Fortunately, Faraji is over 500 miles from any land areas, and will pose hazards to marine interests and not to people this week. The storm is expected to gradually weaken as it moves eastward and then recurves to the south and west later this week, falling below hurricane strength by Saturday. By late next week, it is possible that Fariji will pose a threat to Madagascar and the nearby islands.

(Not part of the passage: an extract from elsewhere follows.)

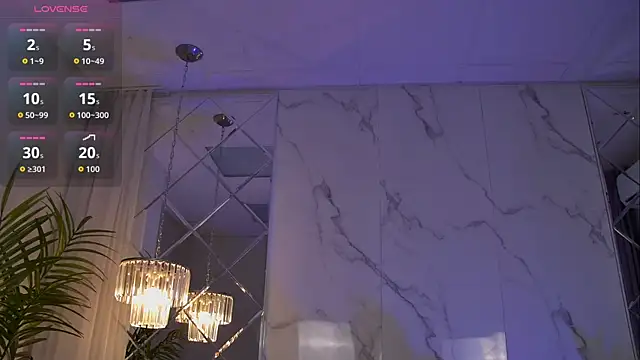 Snapshot of NicoleBellin chatting on October 21, 2025, 5:41 am NicoleBellin online show from October 21, 2025, 5:41 am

South Indian Ocean tropical cyclone history
NOAA’s hurricane history database lists 17 other tropical cyclones in the South Indian Ocean that have achieved category 5 strength since 1989; accurate satellite data in the region extends only back to about 1990. The strongest of these storms, Tropical Cyclone Fantala in 2016, peaked with maximum sustained winds of 180 mph and a central pressure of 907 mb pressure. Fantala did not make landfall, though its eyewall did affect the Farquhar Atoll while the storm was at category 5 strength.
No South Indian Ocean tropical cyclone has ever been recorded to make landfall at category 5 strength. At least 17 have made landfall at category 4 strength: two in mainland Africa, seven in Madagascar, and eight in western Australia.
Earth averaged 5.3 category 5 storms per year between 1990 and 2020, according to ratings made by NOAA’s National Hurricane Center and the U.S. Navy’s Joint Typhoon Warning Center. The quality of the Cat 5 database is too poor and the time series of decent data on these storms too short to make definitive conclusions about how climate change may be affecting these most fearsome of storms. However, climate change is expected to make category 5 storms stronger and more numerous in the coming decades.